*** Source data ***

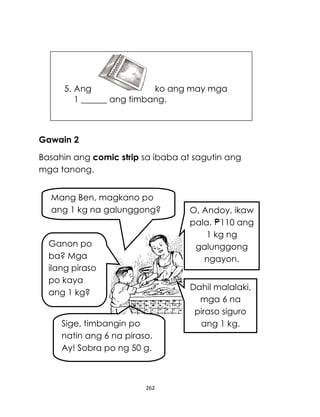 5. Ang
ko ang may mga
1 ______ ang timbang.

Gawain 2
Basahin ang comic strip sa ibaba at sagutin ang
mga tanong.
Mang Ben, magkano po
ang 1 kg na galunggong?

Ganon po
ba? Mga
ilang piraso
po kaya
ang 1 kg?
Sige, timbangin po
natin ang 6 na piraso.
Ay! Sobra po ng 50 g.

262

O, Andoy, ikaw
pala. 110 ang
1 kg ng
galunggong
ngayon.
Dahil malalaki,
mga 6 na
piraso siguro
ang 1 kg.

 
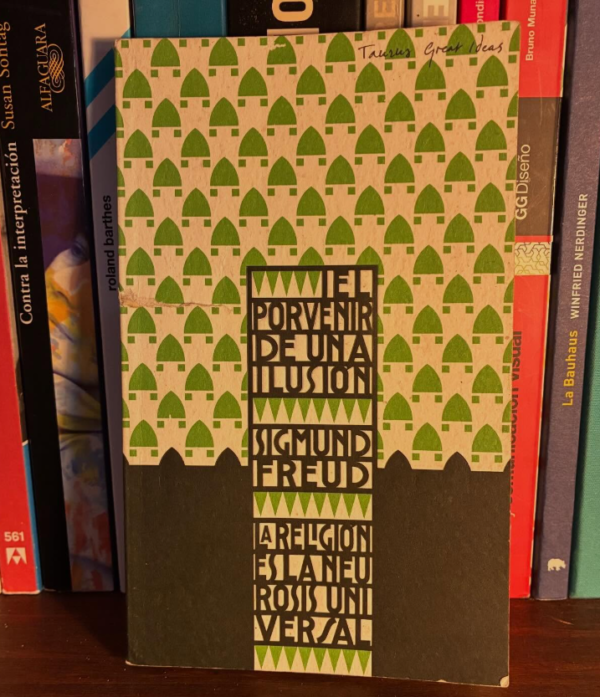 Sigmund Freud - El porvenir de una ilusión, La religion es la neurosis universal (detalle en tapa)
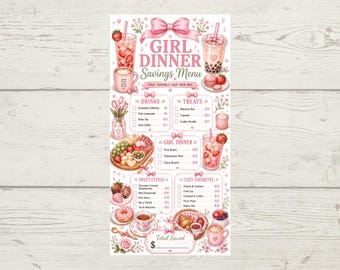 Könnte beinhalten: Ein rechteckiger Sparplan aus Papier mit dem Titel Girl Dinner Savings Menu und einer rosa Schleife. Der Plan enthält Illustrationen von Getränken, Leckereien und Speisen mit Kästchen zum Abhaken sowie ein Feld für den gesparten Gesamtbetrag.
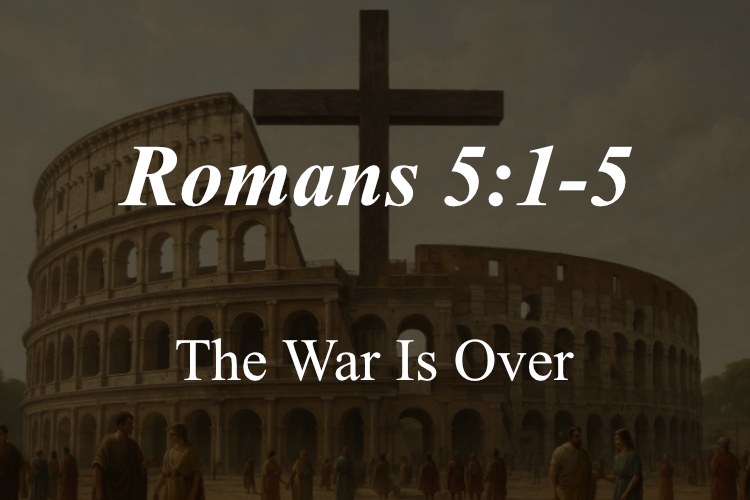 Romans 5:1-5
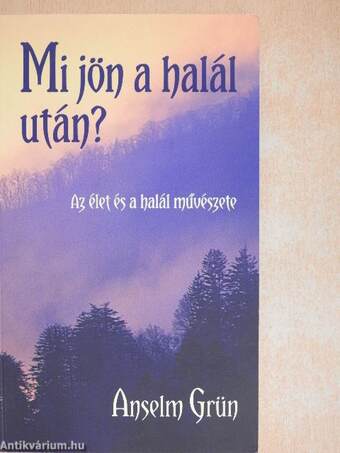 Mi jön a halál után?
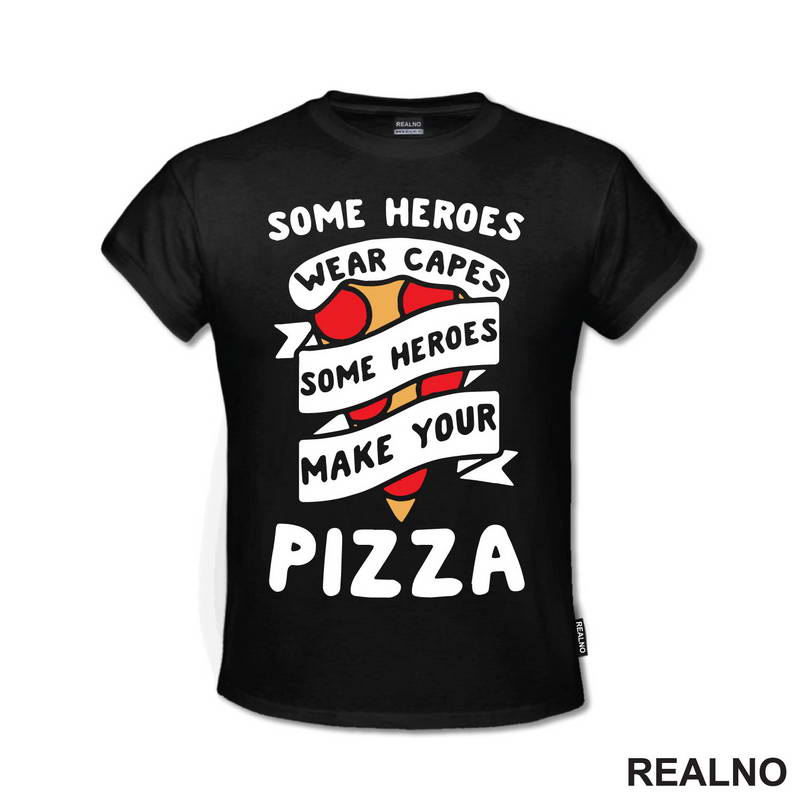 Some Heroes Wear Capes, Some Heroes Make Your Pizza - Hrana - Food - Majica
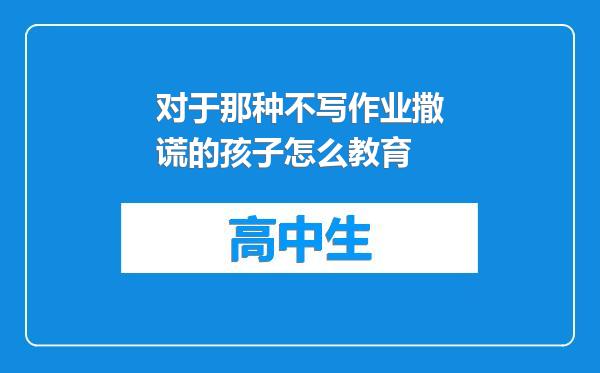 对于那种不写作业撒谎的孩子怎么教育
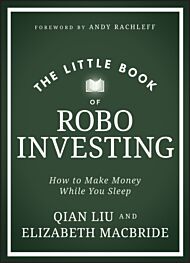 The Little Book of Robo Investing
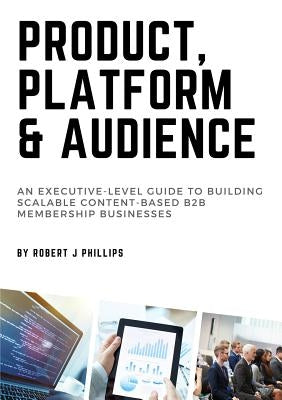 Product, Platform and Audience: A guide to building scalable content-based B2B membership businesses. by Phillips, Robert J.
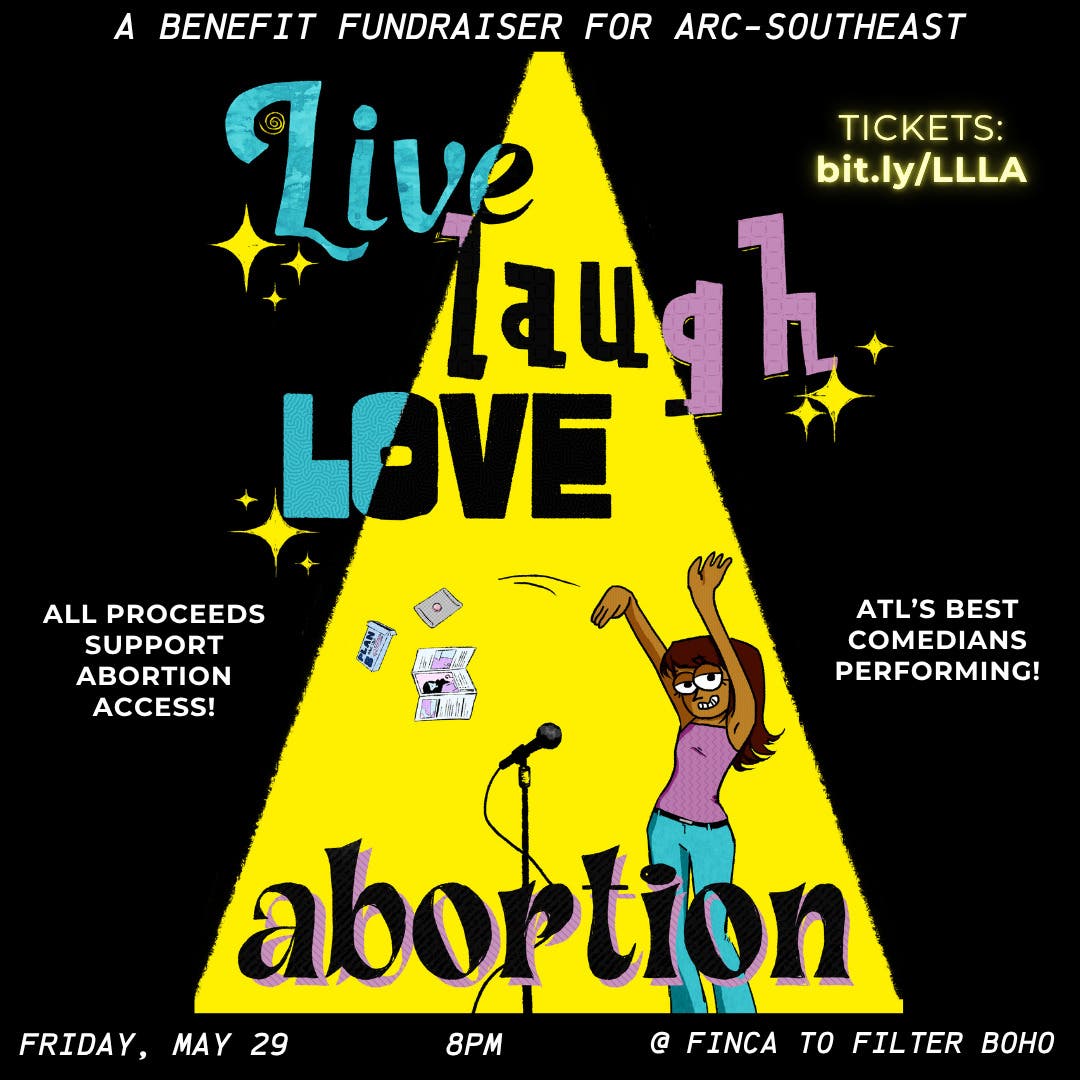 Live Laugh Love Abortion: A Comedy Show Fundraiser for ARC-Southeast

*** End of Source data ***

Description of the task =
Your copy should match the data exactly, apart from the images, which are dropped.

Final answer =
 5. Ang
ko ang may mga
1 ______ ang timbang.

Gawain 2
Basahin ang comic strip sa ibaba at sagutin ang
mga tanong.
Mang Ben, magkano po
ang 1 kg na galunggong?

Ganon po
ba? Mga
ilang piraso
po kaya
ang 1 kg?
Sige, timbangin po
natin ang 6 na piraso.
Ay! Sobra po ng 50 g.

262

O, Andoy, ikaw
pala. 110 ang
1 kg ng
galunggong
ngayon.
Dahil malalaki,
mga 6 na
piraso siguro
ang 1 kg.

 
 Sigmund Freud - El porvenir de una ilusión, La religion es la neurosis universal (detalle en tapa)
 Könnte beinhalten: Ein rechteckiger Sparplan aus Papier mit dem Titel Girl Dinner Savings Menu und einer rosa Schleife. Der Plan enthält Illustrationen von Getränken, Leckereien und Speisen mit Kästchen zum Abhaken sowie ein Feld für den gesparten Gesamtbetrag.
 Romans 5:1-5
 Mi jön a halál után?
 Some Heroes Wear Capes, Some Heroes Make Your Pizza - Hrana - Food - Majica
 对于那种不写作业撒谎的孩子怎么教育
 The Little Book of Robo Investing
 Product, Platform and Audience: A guide to building scalable content-based B2B membership businesses. by Phillips, Robert J.
 Live Laugh Love Abortion: A Comedy Show Fundraiser for ARC-Southeast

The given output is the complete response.